Tuesday Morning currently uses a distribution center in Dallas and that’s expected to continue to be a hub for the business at least through June 2024. However, an analysis showed having distribution centers bookend the country would be more effective for transportation costs and speed.

“The initial [study] findings indicate that a two-DC network with a West Coast and East Coast presence would eliminate a significant amount of redundant miles created with a one-DC network,” Hand said. “This transportation savings, coupled with efficiency savings, based on DCs built for the off-price model, are suggesting an attractive internal rate of return on the investment.”

The company, in the case of store leases, has hired brokerages for the east, west and central parts of the country to handle negotiations on the 174 leases set to expire in the next fiscal year.

Meanwhile, the company finished what Hand described as a “system enhancement” in the recently ended quarter that “aligned our merchandising and financial calendars.”

Net Sales: Tuesday Morning reported $159.6 million in net sales for the fiscal third quarter ended April 2. That’s up from $153.3 million in the year-ago period.

Same-store sales in the quarter rose 0.6 percent in the quarter. The comparable went up against last year’s stimulus checks and also was impacted by the war in Ukraine and inflation.

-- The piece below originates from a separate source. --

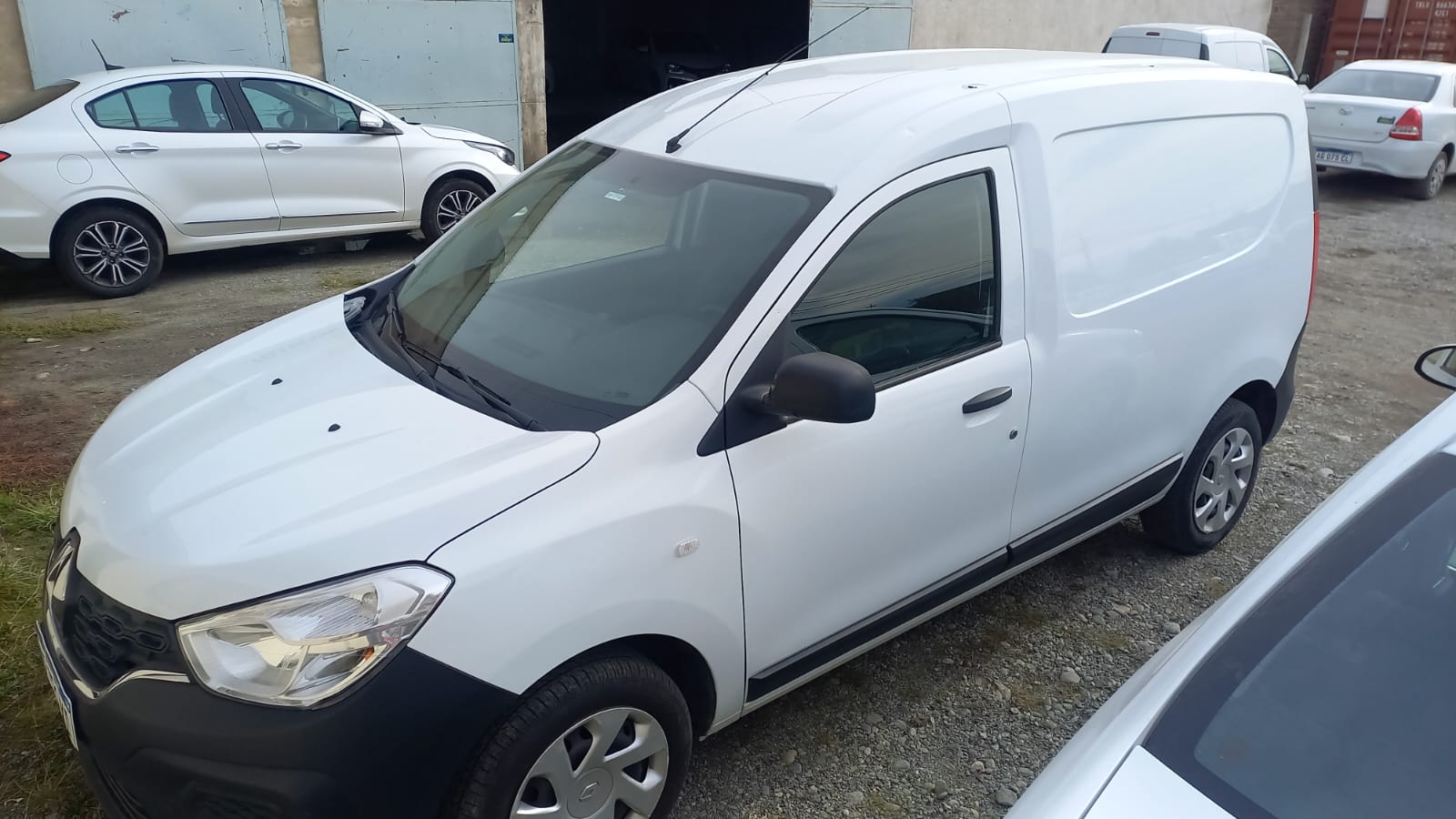 Renault KANGOO II EXPRESS CONFORT 1.6 SCe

That was felt in the second week of March in particular for Tuesday Morning as a result of the macro environment, with executives pointing out that business has trended upward since then.

The company’s projecting same-store sales in the current quarter to be down in the range of 3 percent and 5 percent.

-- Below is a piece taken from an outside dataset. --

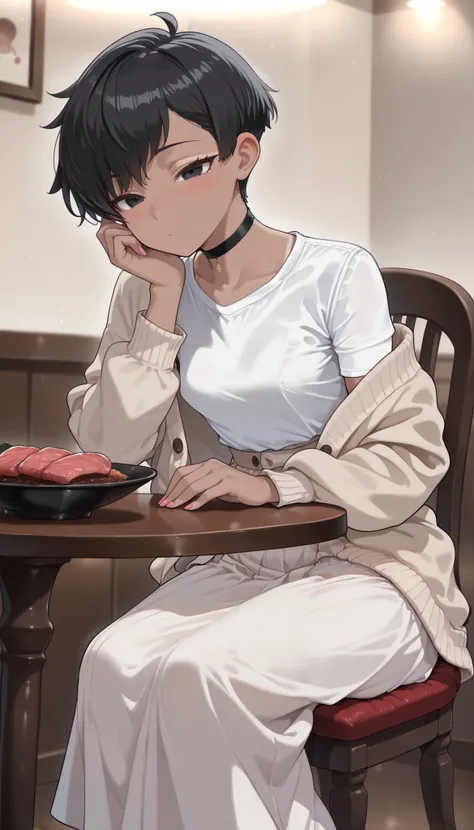 (top quality), ( more), ( best picture ), (걸작), detail line art, anime style, Vivid Color, Beautiful, handsome Anglo-Saxon woman, sharp jawline , perfect body ratio, Very small head, very small face, IDEAL PROFIT BODY PROFIT, perfect body, perfect style,...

Net Earnings: The retailer narrowed its losses in the April quarter, with a net loss of $18.2 million. That compares with a $37.1 million loss in the year-ago period.

The impact of supply chain constraints and higher freight costs were a 390-basis point drag on the company’s gross margin in the quarter, which totaled $38.9 million. That compares with $48.2 million a year ago.

Tuesday Morning said it expects adjusted earnings before interest, taxes, depreciation and amortization for the current fiscal year to be a loss of $26 million to $29 million, driven by more markdowns and expected declines in the fourth quarter.

CEO’s Take: “In light of the many macro headwinds, we are very fortunate to have an experienced leadership team who remain vigilant on expense controls while continuing to make progress on our priorities… times like these historically has been a positive for off-price and we have an experienced off-price buying team to take advantage of the opportunity,” Hand said.

The retailer is looking to capitalize on more inventory filling the market to stock its stores.

Said Hand: “Long story short, the current environment is conducive to off-price buying.”